PROBLEM DESCRIPTION:
The data below is to be returned in full and exactly.

MATERIAL PROVIDED:
*****
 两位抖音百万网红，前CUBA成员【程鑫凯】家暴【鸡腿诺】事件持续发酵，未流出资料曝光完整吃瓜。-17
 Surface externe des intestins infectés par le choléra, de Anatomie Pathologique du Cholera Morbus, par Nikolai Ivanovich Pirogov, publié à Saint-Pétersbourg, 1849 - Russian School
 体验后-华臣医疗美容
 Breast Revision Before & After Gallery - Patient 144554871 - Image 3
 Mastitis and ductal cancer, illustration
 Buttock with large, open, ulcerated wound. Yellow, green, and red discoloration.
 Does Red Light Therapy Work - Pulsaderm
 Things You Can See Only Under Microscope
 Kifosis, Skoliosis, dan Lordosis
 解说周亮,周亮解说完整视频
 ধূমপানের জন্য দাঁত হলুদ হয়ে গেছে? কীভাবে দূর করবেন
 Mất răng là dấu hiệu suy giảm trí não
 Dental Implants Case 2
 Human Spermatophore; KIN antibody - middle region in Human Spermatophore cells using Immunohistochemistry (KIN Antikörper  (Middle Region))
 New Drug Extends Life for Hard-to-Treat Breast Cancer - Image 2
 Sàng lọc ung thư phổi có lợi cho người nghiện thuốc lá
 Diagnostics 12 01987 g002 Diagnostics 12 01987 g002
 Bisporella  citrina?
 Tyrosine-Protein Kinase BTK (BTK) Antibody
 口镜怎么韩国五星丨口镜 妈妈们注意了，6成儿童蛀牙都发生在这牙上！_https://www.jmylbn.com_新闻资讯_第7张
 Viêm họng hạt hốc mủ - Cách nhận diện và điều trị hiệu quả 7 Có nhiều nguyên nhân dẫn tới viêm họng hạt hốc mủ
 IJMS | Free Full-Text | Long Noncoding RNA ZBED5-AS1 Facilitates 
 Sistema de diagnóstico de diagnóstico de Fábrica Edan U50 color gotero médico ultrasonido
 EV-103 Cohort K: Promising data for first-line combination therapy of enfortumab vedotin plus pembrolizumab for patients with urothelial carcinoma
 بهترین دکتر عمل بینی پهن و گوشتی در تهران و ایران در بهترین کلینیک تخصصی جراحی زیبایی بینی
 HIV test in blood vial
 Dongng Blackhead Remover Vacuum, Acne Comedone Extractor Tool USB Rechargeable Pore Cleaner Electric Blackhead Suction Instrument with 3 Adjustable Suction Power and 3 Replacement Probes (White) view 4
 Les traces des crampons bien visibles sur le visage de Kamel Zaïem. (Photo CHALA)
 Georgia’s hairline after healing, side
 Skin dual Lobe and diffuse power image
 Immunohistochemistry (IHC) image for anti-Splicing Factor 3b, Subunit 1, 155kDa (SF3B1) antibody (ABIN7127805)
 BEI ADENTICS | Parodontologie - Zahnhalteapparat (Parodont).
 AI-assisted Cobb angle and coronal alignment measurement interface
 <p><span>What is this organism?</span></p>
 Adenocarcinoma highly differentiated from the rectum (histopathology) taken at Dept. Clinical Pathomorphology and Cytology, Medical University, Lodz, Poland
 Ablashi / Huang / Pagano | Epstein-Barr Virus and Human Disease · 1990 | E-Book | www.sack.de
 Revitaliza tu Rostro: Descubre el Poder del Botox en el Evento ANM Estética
*****
YOUR SOLUTION:
 两位抖音百万网红，前CUBA成员【程鑫凯】家暴【鸡腿诺】事件持续发酵，未流出资料曝光完整吃瓜。-17
 Surface externe des intestins infectés par le choléra, de Anatomie Pathologique du Cholera Morbus, par Nikolai Ivanovich Pirogov, publié à Saint-Pétersbourg, 1849 - Russian School
 体验后-华臣医疗美容
 Breast Revision Before & After Gallery - Patient 144554871 - Image 3
 Mastitis and ductal cancer, illustration
 Buttock with large, open, ulcerated wound. Yellow, green, and red discoloration.
 Does Red Light Therapy Work - Pulsaderm
 Things You Can See Only Under Microscope
 Kifosis, Skoliosis, dan Lordosis
 解说周亮,周亮解说完整视频
 ধূমপানের জন্য দাঁত হলুদ হয়ে গেছে? কীভাবে দূর করবেন
 Mất răng là dấu hiệu suy giảm trí não
 Dental Implants Case 2
 Human Spermatophore; KIN antibody - middle region in Human Spermatophore cells using Immunohistochemistry (KIN Antikörper  (Middle Region))
 New Drug Extends Life for Hard-to-Treat Breast Cancer - Image 2
 Sàng lọc ung thư phổi có lợi cho người nghiện thuốc lá
 Diagnostics 12 01987 g002 Diagnostics 12 01987 g002
 Bisporella  citrina?
 Tyrosine-Protein Kinase BTK (BTK) Antibody
 口镜怎么韩国五星丨口镜 妈妈们注意了，6成儿童蛀牙都发生在这牙上！_https://www.jmylbn.com_新闻资讯_第7张
 Viêm họng hạt hốc mủ - Cách nhận diện và điều trị hiệu quả 7 Có nhiều nguyên nhân dẫn tới viêm họng hạt hốc mủ
 IJMS | Free Full-Text | Long Noncoding RNA ZBED5-AS1 Facilitates 
 Sistema de diagnóstico de diagnóstico de Fábrica Edan U50 color gotero médico ultrasonido
 EV-103 Cohort K: Promising data for first-line combination therapy of enfortumab vedotin plus pembrolizumab for patients with urothelial carcinoma
 بهترین دکتر عمل بینی پهن و گوشتی در تهران و ایران در بهترین کلینیک تخصصی جراحی زیبایی بینی
 HIV test in blood vial
 Dongng Blackhead Remover Vacuum, Acne Comedone Extractor Tool USB Rechargeable Pore Cleaner Electric Blackhead Suction Instrument with 3 Adjustable Suction Power and 3 Replacement Probes (White) view 4
 Les traces des crampons bien visibles sur le visage de Kamel Zaïem. (Photo CHALA)
 Georgia’s hairline after healing, side
 Skin dual Lobe and diffuse power image
 Immunohistochemistry (IHC) image for anti-Splicing Factor 3b, Subunit 1, 155kDa (SF3B1) antibody (ABIN7127805)
 BEI ADENTICS | Parodontologie - Zahnhalteapparat (Parodont).
 AI-assisted Cobb angle and coronal alignment measurement interface
 <p><span>What is this organism?</span></p>
 Adenocarcinoma highly differentiated from the rectum (histopathology) taken at Dept. Clinical Pathomorphology and Cytology, Medical University, Lodz, Poland
 Ablashi / Huang / Pagano | Epstein-Barr Virus and Human Disease · 1990 | E-Book | www.sack.de
 Revitaliza tu Rostro: Descubre el Poder del Botox en el Evento ANM Estética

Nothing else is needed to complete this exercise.